Chicago Cubs villain Ryan Braun leaves behind a complicated legacy
When you think of the archetypal Chicago Cubs villain of recent, who comes to mind first? Maybe it’s Yadier Molina, the stalwart catcher and face of the bitter rival Cardinals, or his former teammate, Albert Pujols, arguably the most notorious Cub killer ever. Perhaps guys like 2015 Daniel Murphy and 2017 Justin Turner, both of whom crushed the team in the postseason, still haunt you.
For me, it’s hard to find a better villain than Ryan Braun. Braun recently announced his retirement and I couldn’t help but reflect on the terror he inflicted throughout his tenure with the Milwaukee Brewers. For 14 seasons, he was one of the most feared and loathed hitters on the North Side, both because of how well he swung the bat and his actions off the field.
In over 193 games against the Cubs, Braun crushed the boys in blue with 40 home runs and a .311/.387/.558 slash line. He hit the entirety of the NL Central well, but the Cubs were his favorite punching bag of them all. He was certainly a talented hitter, earning Rookie of the Year honors in 2007 and an MVP award in 2011 alongside six All-Star nods.
Perhaps his most infamous moment of villainy on the field came on September 28, 2008, when he single-handedly swung the Brewers to their first postseason in 26 years against the Cubs. With his former teammate and manager Craig Counsell on base, Braun came up in the eighth against Cubs reliever Bob Howry. The first pitch he saw wouldn’t see the field again, winning the game for the Brewers and propelling the North Side’s rivals into the playoffs.
Notable Chicago Cubs villain Ryan Braun leaves behind a complicated legacy
It’s not as simple as just being a good player on a rival team though. Braun’s legacy will forever be marred by his 2013 PED scandal. Braun had initially claimed that the test he received during his 2011 season was tampered with, insinuating that the handler, Dino Laurenzi Jr, was responsible, reportedly claiming that he was an anti-Semite and a Cubs fan. It’s truly despicable behavior aimed at ruining another person’s life and reputation for the sake of self-preservation. It gave fans a whole other, completely justifiable reason to boo.

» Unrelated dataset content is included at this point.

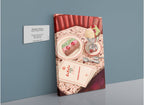 A Hôtel Dodo “Gelato Gatto” Giclée Canvas Print depicts a table set with a dessert, ice cream sundae, three spoons, a menu, and a napkin. A wall plaque in the artwork reads: “Gelato Gatto” along with additional details.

For this reason, I feel torn on Braun. A part of me is sad to see him go because every good story needs a good villain and Braun was among the best at that. He gave fans a reason to root a little harder for the Cubs to pull out a W whenever they played Milwaukee and helped foster that rivalry as one of the greatest Brewers ever.
On the other hand, his actions were detestable and are still hard to get past to this day, even if he has since tried to pay his debts to society and become a force for good in the Milwaukee community.
Ultimately, it’s up to you to decide if he’s worth forgiving and respecting, but there’s no denying the memories (mostly nightmares) he left in Chicago. No matter how much time passes, we’ll always hold a little bit of hatred in our hearts for Braun as an all-time Cubs villain. To be honest, I don’t think he, nor Cubs fans, would have it any other way.